Mc Gartoll said much of the $17,000 increase in the budget went to SPEC and PB. SPEC, which funds programs hosted by undergraduate student organizations that require more than $5,000, has seen an increase in funding requests for events like PRIDE week, Mc Gartoll said. Beginning last year, PRIDE has lasted two weeks instead of one. PB’s increase in funding was in response to the new security protocols, including wristbands for entry and a barrier for the Green Key concert, Mc Gartoll added.

The funds allocated to other organizations mostly remained the same compared to those of the previous year. The DOC, club sports and GLC saw an increase of $1,347, $1,283 and $938 in funding, respectively. On the other hand, CGB and the Homecoming Bonfire received about $100 less than they did last year. The Council on Class Officers saw a $500 decrease in funding, while the allocated budget of COSO and the Student Assembly remained the same.

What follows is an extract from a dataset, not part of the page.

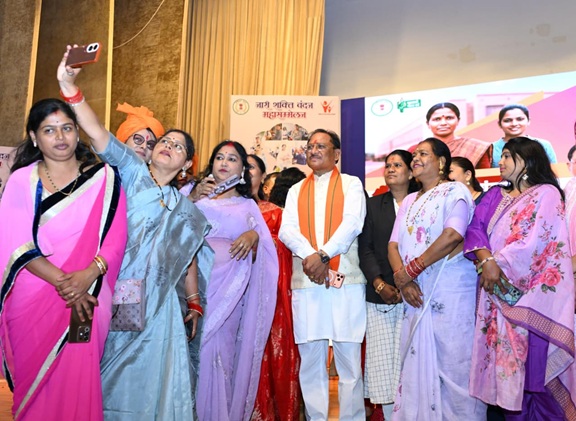 मुख्यमंत्री नारी शक्ति वंदन महासम्मेलन में हुए शामिल मुख्यमंत्री नारी शक्ति वंदन महासम्मेलन में हुए शामिल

The Student Assembly has received a fixed allocation for several years, Mc Gartoll said.

The UFC advises the Office of Student Life on allocating the student activity fee. It is comprised of nine student members, nine organizational representatives from the College’s campus organizations, a non-voting chair and two non-voting advisors: associate dean of student life Eric Ramsey and student life coordinator Juliann Coombs. There is no organizational representative for the Homecoming Bonfire, as the allocated funding only goes toward material and building costs, Mc Gartoll said.

Mc Gartoll said members of the UFC met every Monday this term. He added that the first several meetings were dedicated to discussing each organization’s expenditure of the previous fiscal year’s budget, unexpected expenses and trends in increasing costs. During the next few meetings, organizational representatives presented their budget proposals and explained why their organizations should receive the proposed amount of funding. Afterward, the UFC voted to agree on a final budget allocation.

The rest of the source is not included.